BENGALURU, August 23 – India celebrated a significant achievement in space exploration as its Chandrayaan-3 spacecraft successfully landed on the moon today. This historic mission, coming just days after a Russian lander failed, is being hailed as a crucial milestone for India’s space ambitions and scientific endeavors. Prime Minister Narendra Modi, who was attending the BRICS summit in South Africa, enthusiastically remarked, “This is a victory cry of a new India,” while waving the Indian flag during the landing.
The successful landing sparked jubilation among scientists and officials, who exchanged cheers, applause, and embraces. It’s expected that this achievement will now boost investment in India’s private space launch industry and satellite-based businesses. S. Somanath, chief of the Indian Space Research Organisation (ISRO), proudly declared, “India is on the moon,” as the Chandrayaan-3 spacecraft touched down on the lunar south pole. This successful mission was India’s second attempt to land a spacecraft on the moon. It followed less than a week after Russia’s Luna-25 mission ended in failure.
The anticipation surrounding the landing gripped the entire nation, with citizens glued to their television screens and many offering prayers for its success. Chandrayaan, which translates to “moon vehicle” in Hindi and Sanskrit, saw success in 2019 when ISRO’s Chandrayaan-2 mission deployed an orbiter, although its lander didn’t survive the landing. Chandrayaan-3 is set to remain operational for two weeks, conducting various experiments, including a spectrometer analysis of the lunar surface’s mineral composition. Landing on the moon’s south pole, despite the challenging terrain, is of great significance. It opens doors for India to explore the presence of water ice on the moon, a crucial resource for future missions.
Carla Filotico, a partner and managing director at consultancy SpaceTec Partners, emphasized, “Landing on the south pole (of the moon) would actually allow India to explore if there is water ice on the moon. And this is very important for cumulative data and science on the geology of the moon.” Anticipation before the landing was palpable, with Indian newspapers featuring banner headlines, and news channels conducting countdowns. Prayers were offered at places of worship across the nation, and schoolchildren eagerly waved the Indian tricolor while awaiting live coverage of the landing.

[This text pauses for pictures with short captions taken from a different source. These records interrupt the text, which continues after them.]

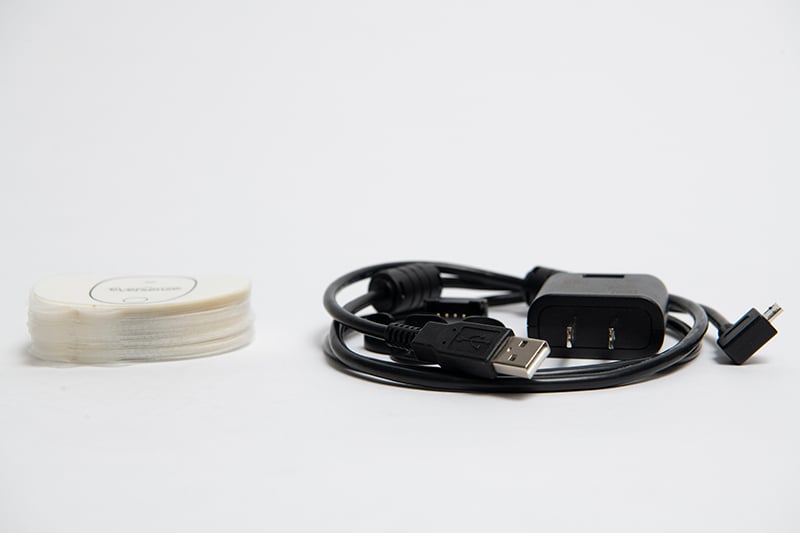 En USB-laddningskabel med adapter ligger ihoprullad på en plan yta bredvid sändarplåster
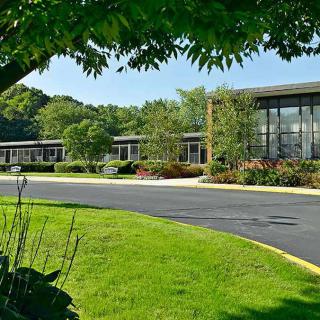 A modern office building surrounded by lush greenery and a well-maintained lawn.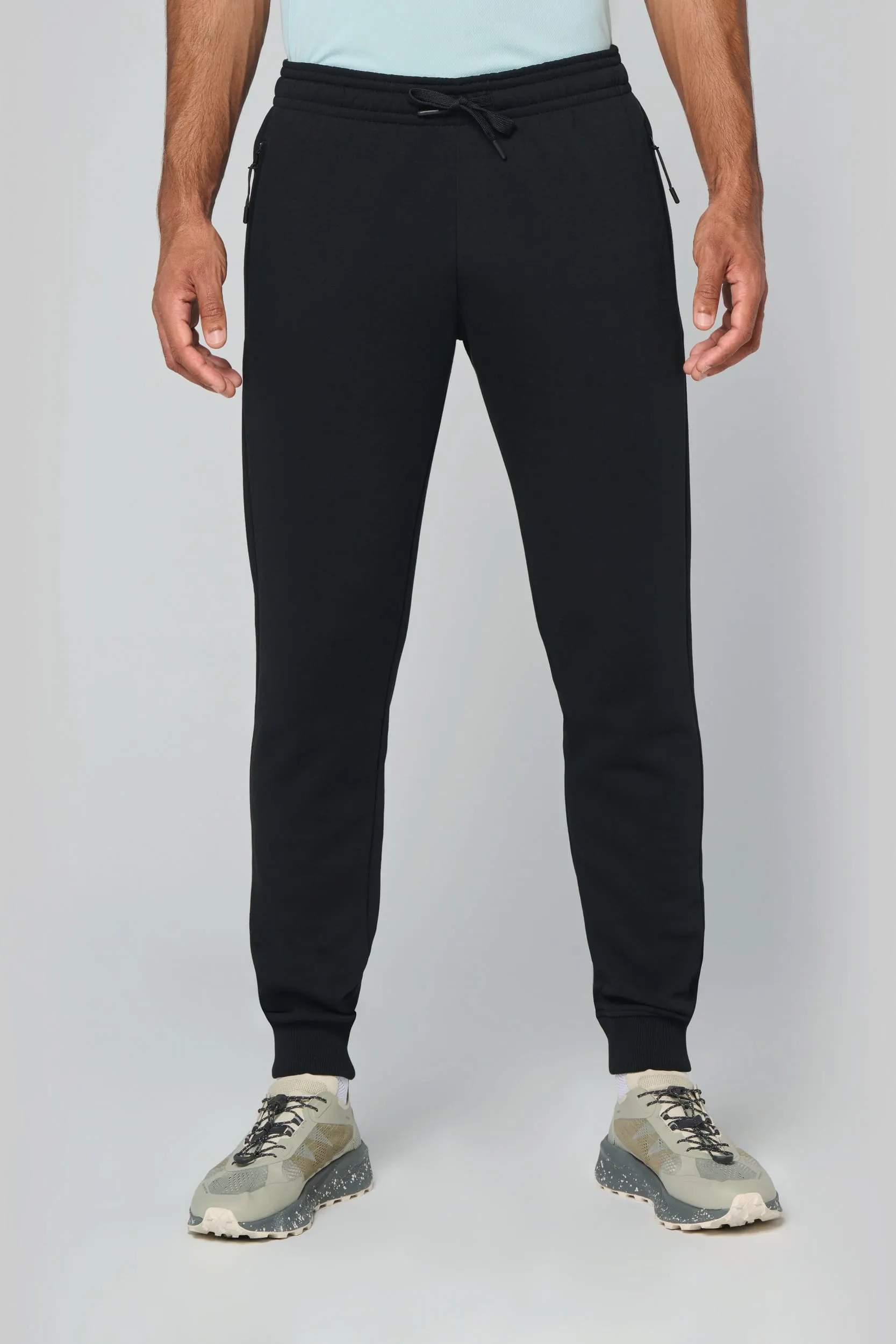 Pantalón de chándal multideporte con bolsillos adulto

Children gathered at the banks of the Ganga river, considered sacred by Hindus, and mosques in various locations held prayers. Even at a Sikh temple in New Delhi, Petroleum Minister Hardeep Singh Puri offered prayers for the success of Chandrayaan-3. Minister Puri reflected on the accomplishment, stating, “Not just economic, but India is achieving scientific and technological progress as well.” The successful Chandrayaan-3 mission represents a significant stride for India in the field of space exploration, reaffirming its position as a growing space power with a promising future in space science and technology.